Ed ecco, infine, la regola aurea: nel dubbio, non è peccato. Il bene e il male non generano dubbi: sono chiari. Se io voglio liberamente compiere una azione malvagia sapendo che è un male, non ho dubbi; se io voglio fare del bene, non ho dubbi. Se ho dei dubbi, è uno scrupolo. Quindi devo rigettarlo.

I RIMEDI
I rimedi agli scrupoli secondo il Compendio di teologia ascetica e mistica di padre Adolphe Tanquerey (1854-1932):
944. Bisogna combattere lo scrupolo subito da principio, prima che si sia profondamente radicato nell’anima. Ora il grande, anzi, a dir vero, l’unico rimedio è la piena e assoluta obbedienza a un savio direttore: oscuratasi la luce della coscienza, bisogna ricorrere ad altra luce; lo scrupoloso è come una nave senza timone e senza bussola: bisogna rimorchiarlo. (...)
945. (...) Ora con lo scrupoloso, non si deve discutere ma parlare con autorità, dicendogli nettamente quel che deve fare. Per ispirare questa confidenza, il direttore deve meritarla per competenza e premura.
946. Guadagnata la confidenza, bisogna esercitare l’autorità ed esigere obbedienza, dicendo allo scrupoloso: se volete guarire, dovete ubbidire ciecamente: obbedendo, siete pienamente al sicuro, quand’anche il direttore sbagli, perché Dio in questo momento a voi non chiede altro che di obbedire. La cosa è talmente così, che se voi non vi sentiste di obbedirmi, bisogna che vi cerchiate un altro direttore: la sola ubbidienza cieca vi potrà guarire e vi guarirà certamente.

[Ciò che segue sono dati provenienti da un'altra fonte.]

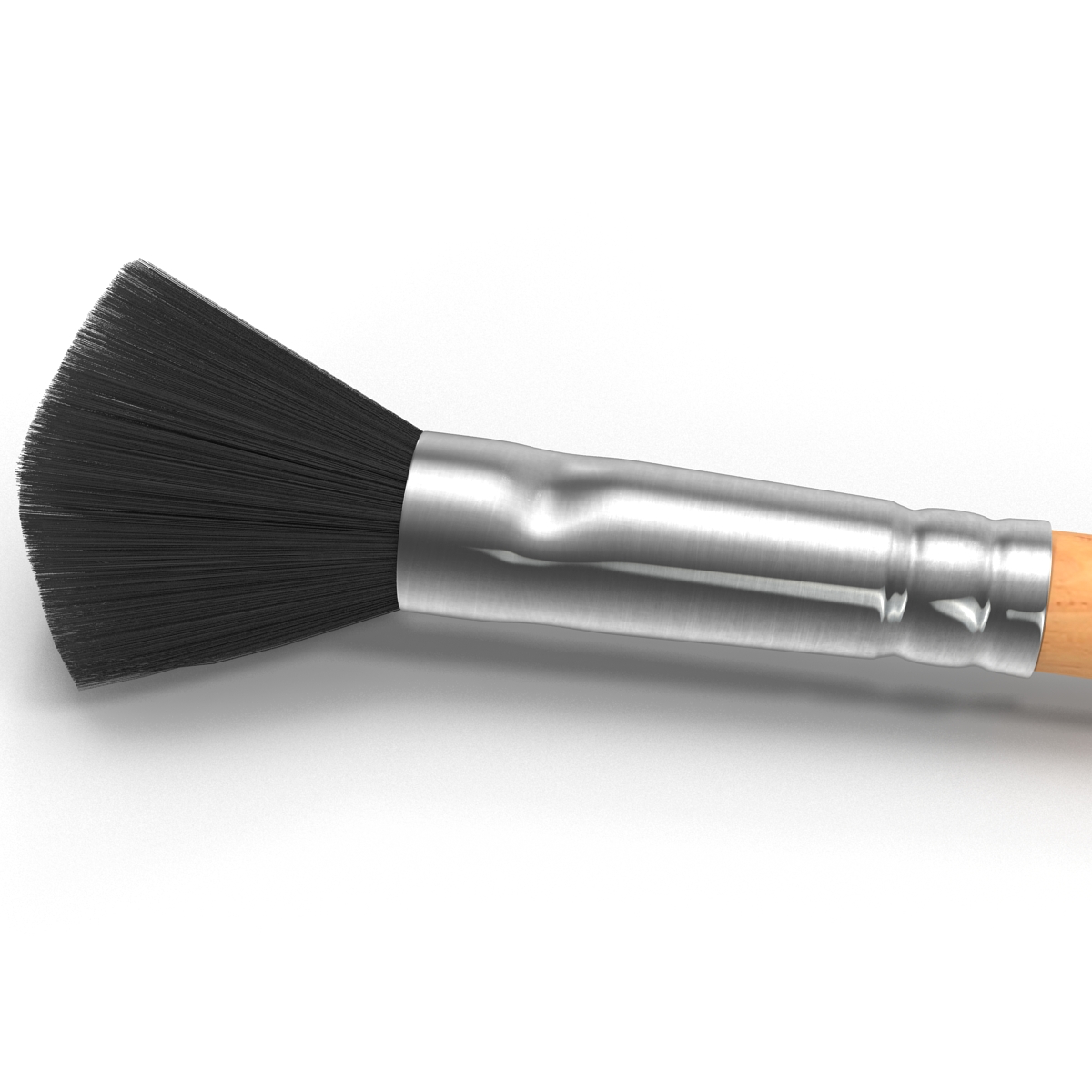 3D model Paint Brush Mop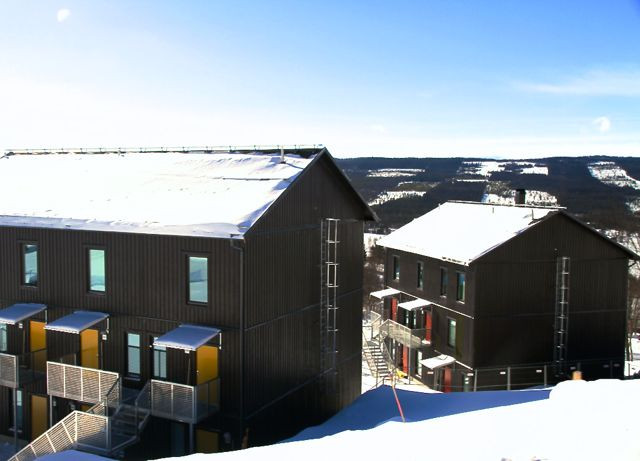 弗那斯滑雪小屋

947. Venuto il tempo, il direttore inculca il principio generale, che darà modo allo scrupoloso di disprezzar tutti i dubbi; occorrendo, lo può anche dettare in questa o altra simile forma: "Per me, in fatto di obbligo di coscienza, non c’è che l’evidenza che conta, ossia certezza tale che escluda ogni dubbio, certezza calma e piena, chiara come due e due fanno quattro; (...) fuori di questo caso, per me nessun peccato". Quando lo scrupoloso si presenterà affermando di aver commesso un peccato veniale o mortale, il confessore gli dirà: Potete giurare di aver chiaramente visto, prima di operare, che quell’azione era peccato e che, avendolo chiaramente visto, pure ci avete dato pieno consenso? Questa interrogazione chiarirà la regola e la farà capir meglio.

RICORDA
Sconfiggere gli scrupoli in 7 mosse:
1) Fai la tara a quello che pensi (non sei obiettivo).
2) Gli scrupoli sono il tuo nemico (non un tuo amico).
3) Evita i rimuginamenti.
4) La tentazione non è un peccato.
5) Se non avevi l’intenzione di fare il male, non è un peccato.
6) Affidati (ciecamente) al confessore o al direttore spirituale.
7) Se hai dei dubbi, non è un peccato.